++++ Supplied data

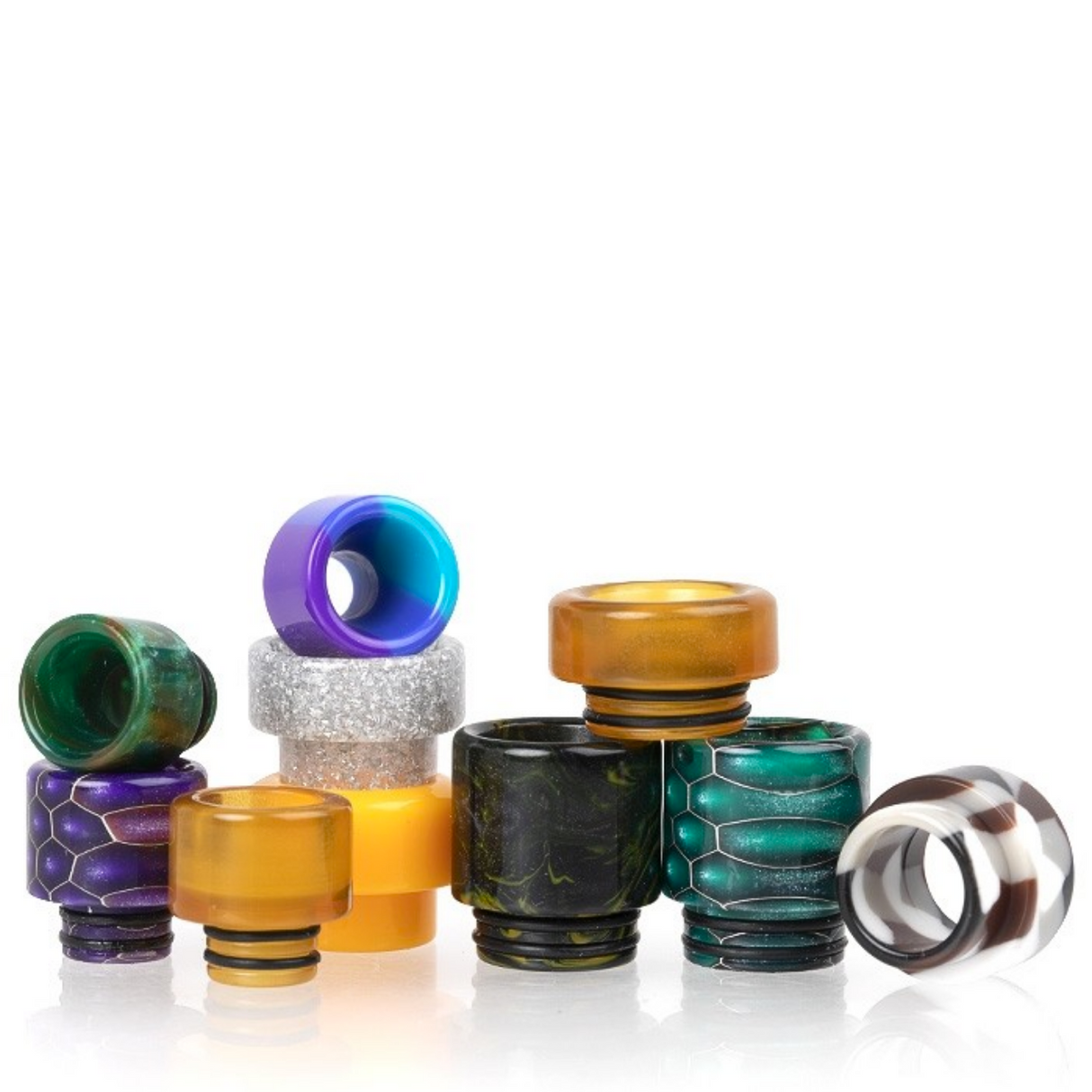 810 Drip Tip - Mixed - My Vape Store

++++++++
++++ Supplied data

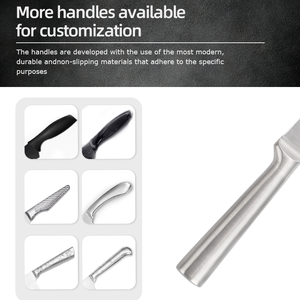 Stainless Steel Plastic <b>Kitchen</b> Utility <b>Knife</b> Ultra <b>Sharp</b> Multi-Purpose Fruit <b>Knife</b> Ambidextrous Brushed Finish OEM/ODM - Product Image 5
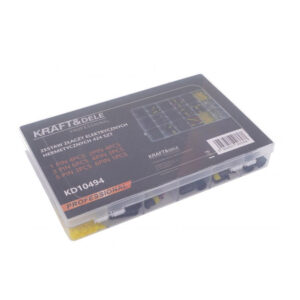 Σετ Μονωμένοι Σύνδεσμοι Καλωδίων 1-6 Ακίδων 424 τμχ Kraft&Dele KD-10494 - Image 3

++++++++

Reproduce the lines above starting at the one with "Stainless Steel Plastic" and ending at the one with "Σετ Μονωμένοι Σύνδεσμοι", both included, exactly and with no pictures.

Task output:
 Stainless Steel Plastic <b>Kitchen</b> Utility <b>Knife</b> Ultra <b>Sharp</b> Multi-Purpose Fruit <b>Knife</b> Ambidextrous Brushed Finish OEM/ODM - Product Image 5
 Σετ Μονωμένοι Σύνδεσμοι Καλωδίων 1-6 Ακίδων 424 τμχ Kraft&Dele KD-10494 - Image 3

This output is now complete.